Please give back exactly the line with "wholesale 925 Sterling" and each line after it through the end of the material, leaving out the pictures.

> _Dataset content_

= = = =

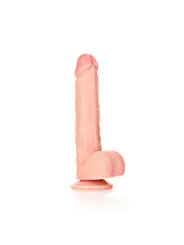 DILDO REALISTA COM TESTÍCULOS STRAIGHT 7 /18 CM FLESH REALROCK
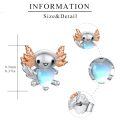 wholesale 925 Sterling Silver Heart Angel Wings Stud Earrings with Blue Stone-0-4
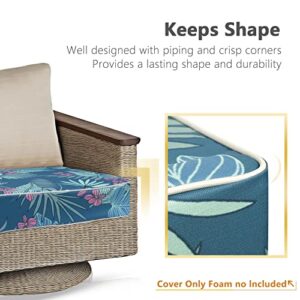 Porch Shield Square Patio Chair Cushion Covers 4 Pack, Waterproof Cushion Slip Covers Outdoor, Replacement Covers Only, 21 x 21 x 4 Inch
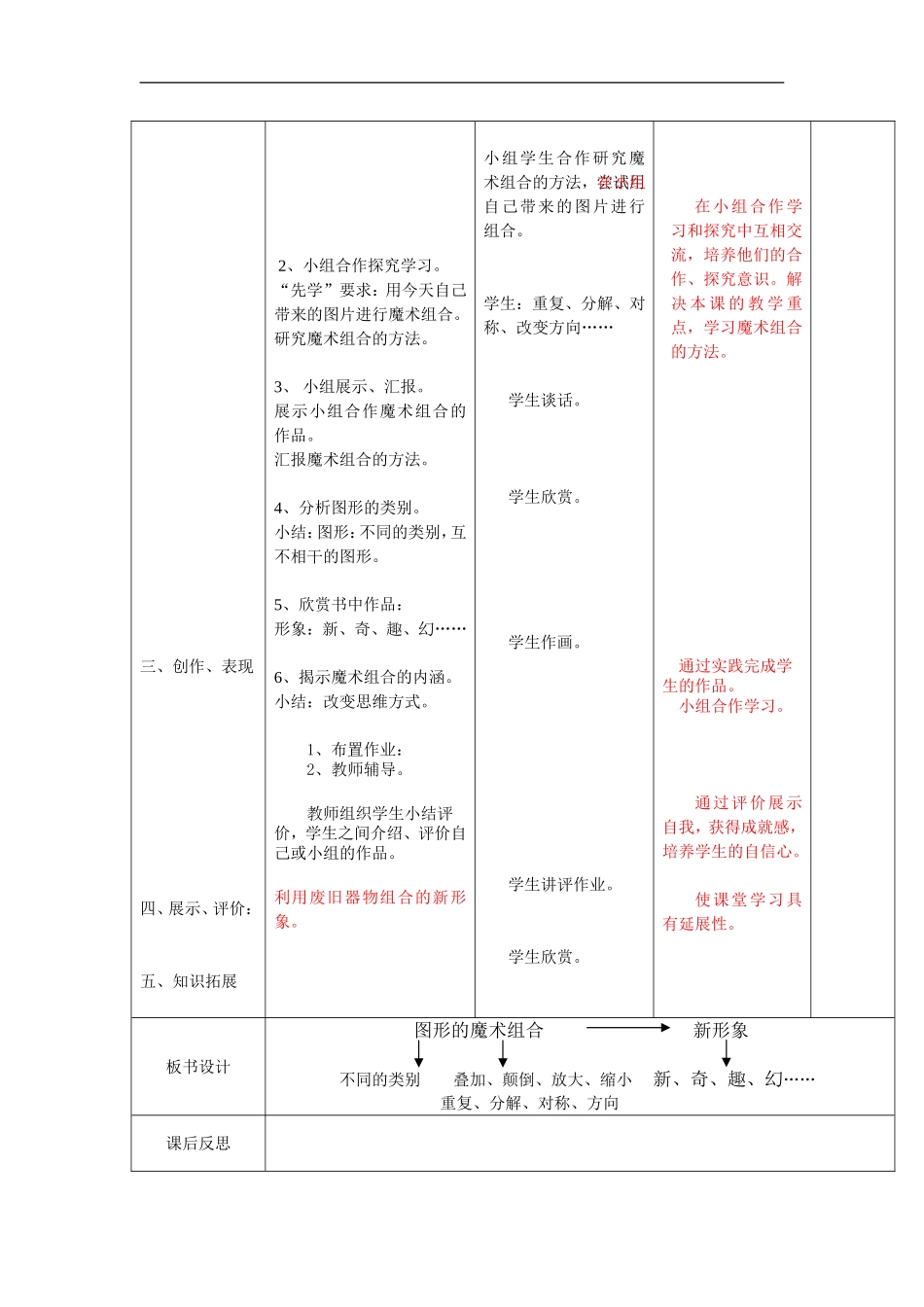 人美小学美术六上《第2课图形的魔术组合》word教案 (2) .doc_第2页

= = = =

> _Task answer_
 wholesale 925 Sterling Silver Heart Angel Wings Stud Earrings with Blue Stone-0-4
 Porch Shield Square Patio Chair Cushion Covers 4 Pack, Waterproof Cushion Slip Covers Outdoor, Replacement Covers Only, 21 x 21 x 4 Inch
 人美小学美术六上《第2课图形的魔术组合》word教案 (2) .doc_第2页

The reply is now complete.